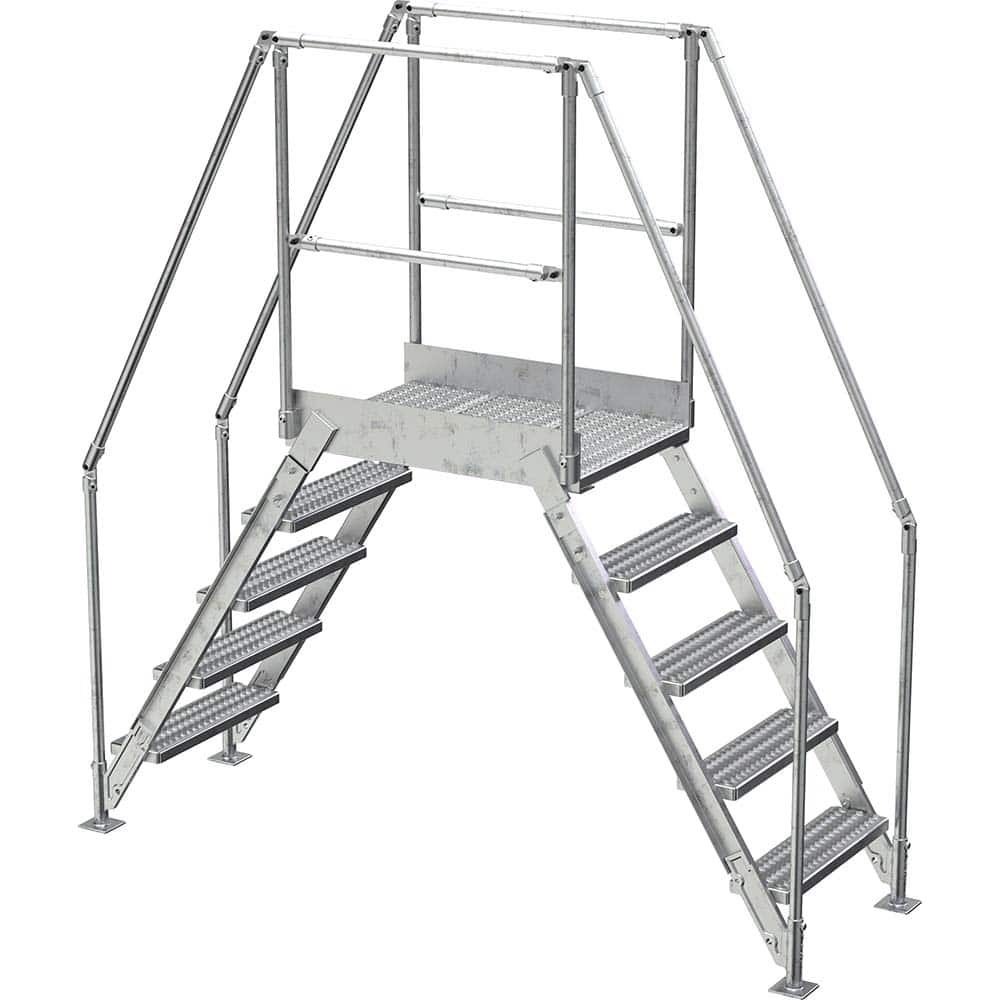 Vestil - Rolling & Wall Mounted Ladders & Platforms; Type: Crossover Bridge ; Style: Crossover ; Number of Steps / Rungs: 5 ; Height (Inch): 92-7/8 ; Load Capacity (Lb.): 500.000 ; Base Width (Inch): 29-1/4 - Exact Industrial Supply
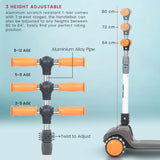 Baybee Phantom Baby Kick Scooter for Kids | Foldable 3-Wheel Kids Scooter with 3 Height Adjustable Handlebar, Music, LED PU Wheels & Rear Brake | Runner Skating Scooter for Boys & Girls 2–10 Years (Grey)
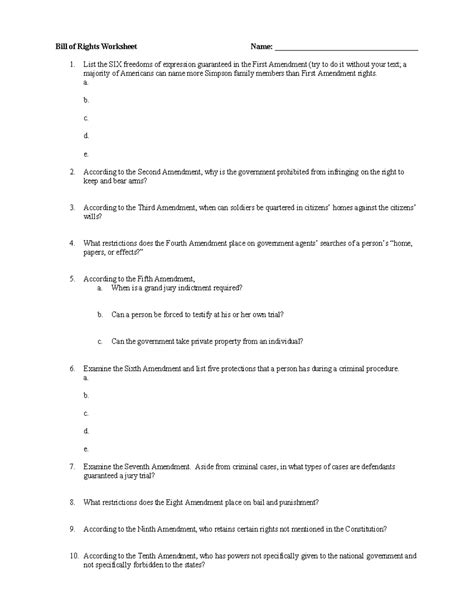 Bill Of Rights Study Packet Bill Of Rights Worksheet Name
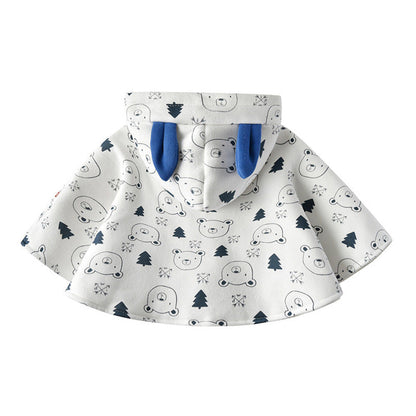 MyKids-USA® Kids Cartoon Bear Print 3D Animal Ear Patched Design Snap Button Cute Shawls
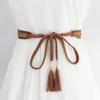 Women Dress Belt Braided Lace Decorated Tassel End Waistband Solid Color Waist Cord Costume Accessories
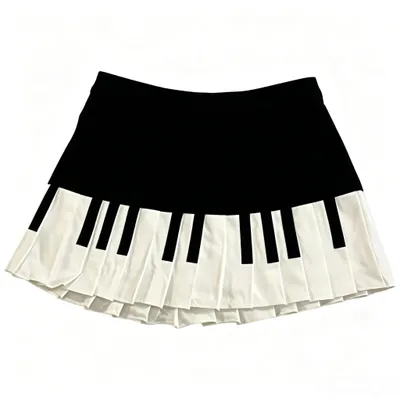 Produktbild von Minicee Y2K Piano Minirock – Harajuku Streetstyle Damen A-Linie Rock L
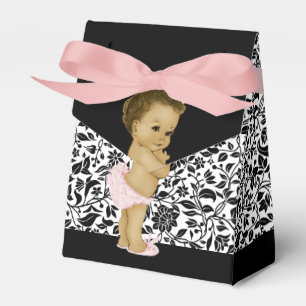 Pink African American Baby Girl Shower Favor Boxes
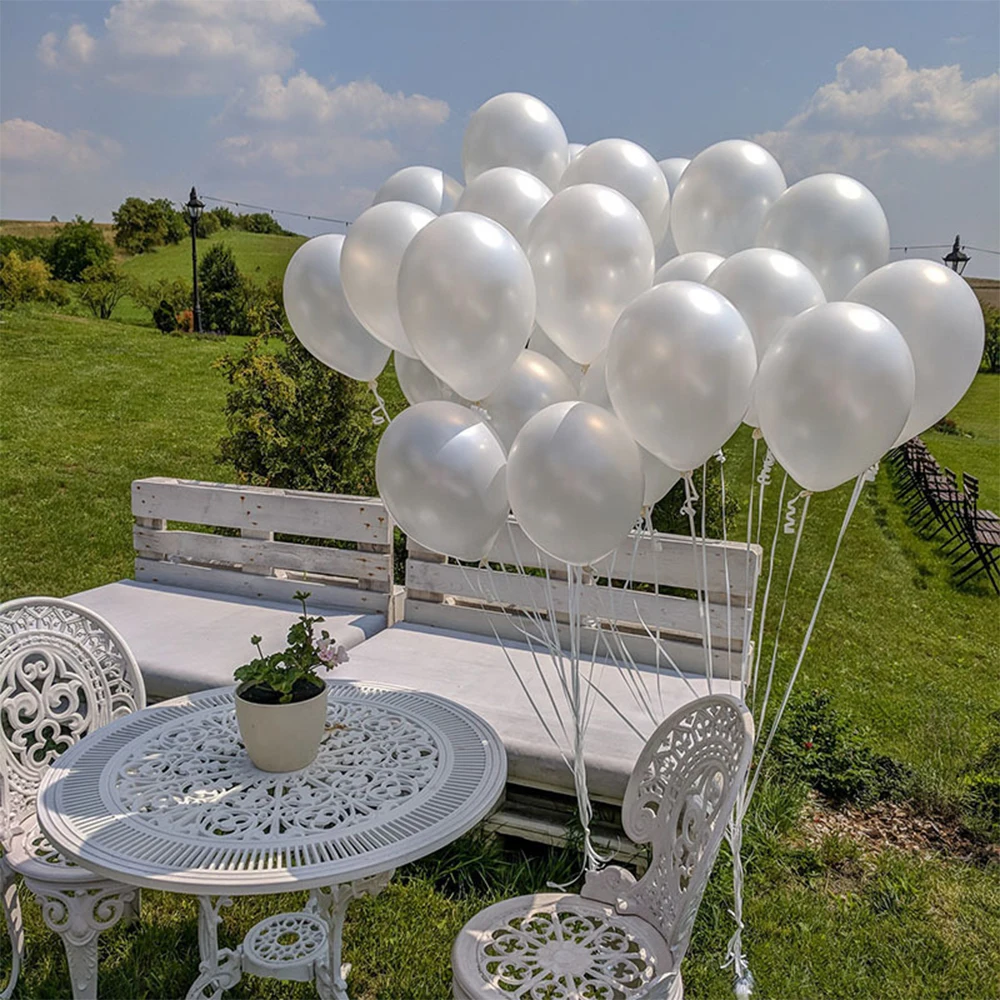 Globos de perlas de 5/10/12 pulgadas, Globos de látex blanco leche, decoración de cumpleaños y boda para compromiso, aniversario, Globos de despedida de soltera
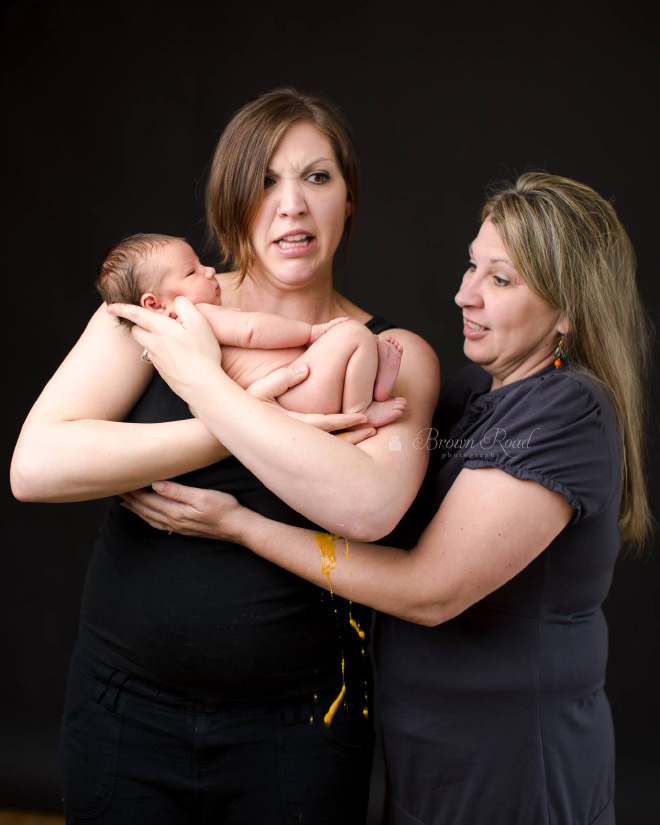 Baby photoshoot gone hilariously wrong.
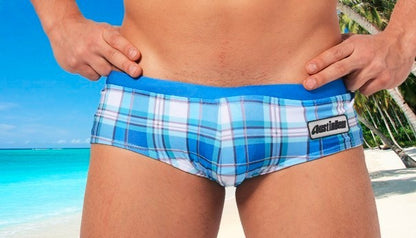 GANYANR Brand Swimming Trunks Swimwear Men Sunga Swimsuit Bikini Gay Sexy Swim Shorts Plaid Briefs Low Waist Bulge Pouch 2017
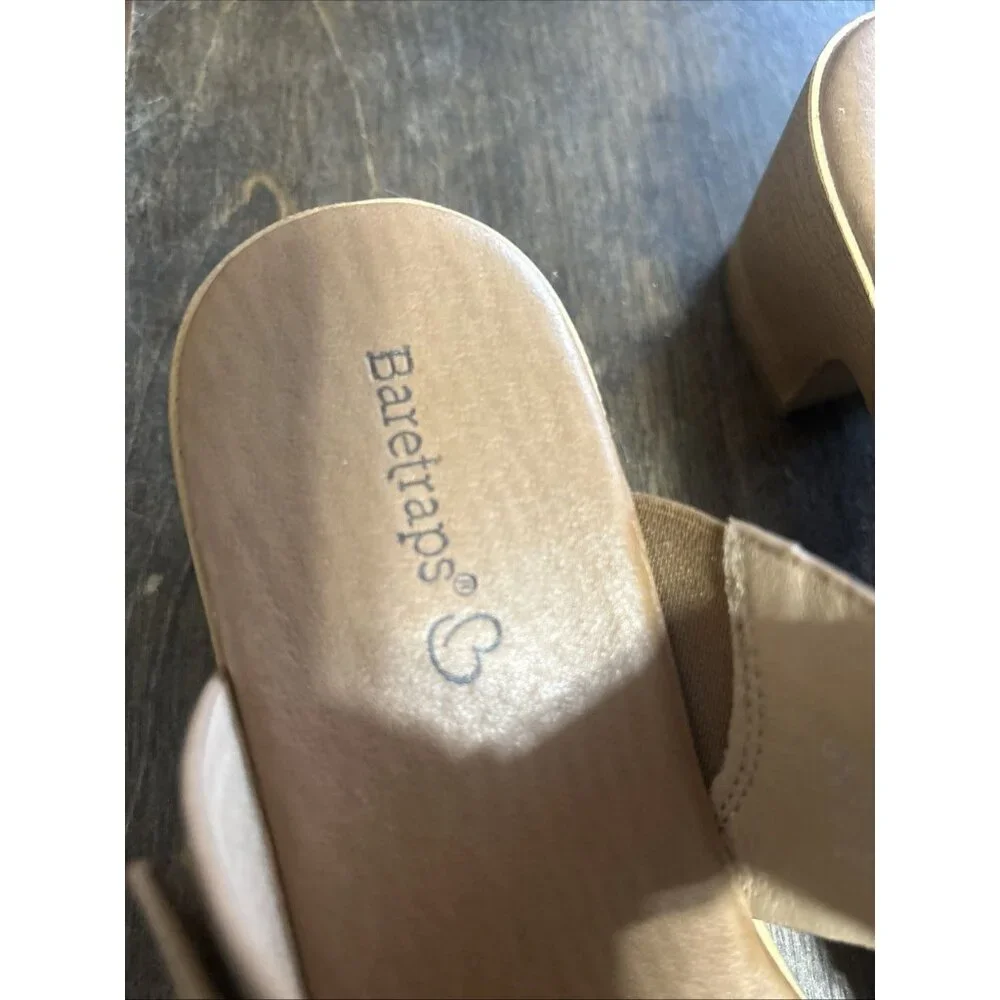 Brown Heels Slide Slip-on Sandals Women's 6.5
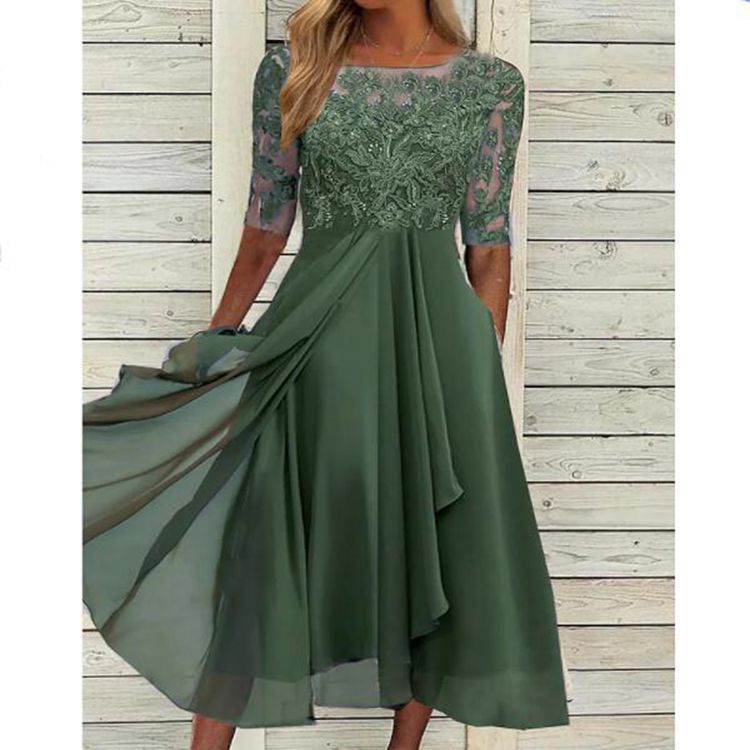 KS | Chiffon midi dress with transparent sleeves in midi length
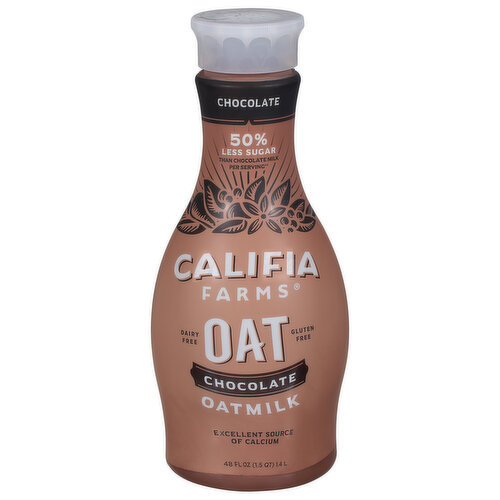 50% less sugar than chocolate milk per serving (1 cup of chocolate milk contains 24g of sugar vs. 1 cup of Califia farms chocolate oatmilk contains 12g of sugar). Califia farms. Pronounced Cal-uh-Fee-ahh. Just like our California, we're name after the legend of Queen Califia. Delight in our deliciously creamy. Chocolate oat milk. Made with simple plant- based ingredients and less sugar than than chocolate milk. It's an indulgence you can feel good about. Carrageenan free. Always plant based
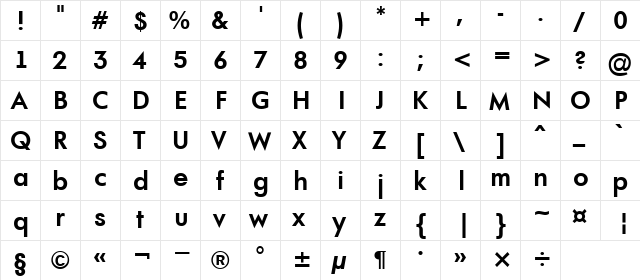 a_FuturaOrto Bold  glyph index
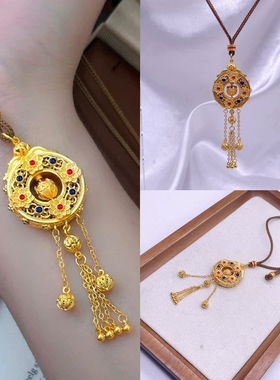 越南沙金珐琅花丝莲心转运珠吊坠新中式莲韵承福流苏毛衣项链送礼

▶ _TASK DETAILS_:
Starting at the line that contains "50% less sugar", write out every line through the final line of the entries, word for word; skip any pictures.

▶ _TASK OUTPUT_:
 50% less sugar than chocolate milk per serving (1 cup of chocolate milk contains 24g of sugar vs. 1 cup of Califia farms chocolate oatmilk contains 12g of sugar). Califia farms. Pronounced Cal-uh-Fee-ahh. Just like our California, we're name after the legend of Queen Califia. Delight in our deliciously creamy. Chocolate oat milk. Made with simple plant- based ingredients and less sugar than than chocolate milk. It's an indulgence you can feel good about. Carrageenan free. Always plant based
 a_FuturaOrto Bold  glyph index
 越南沙金珐琅花丝莲心转运珠吊坠新中式莲韵承福流苏毛衣项链送礼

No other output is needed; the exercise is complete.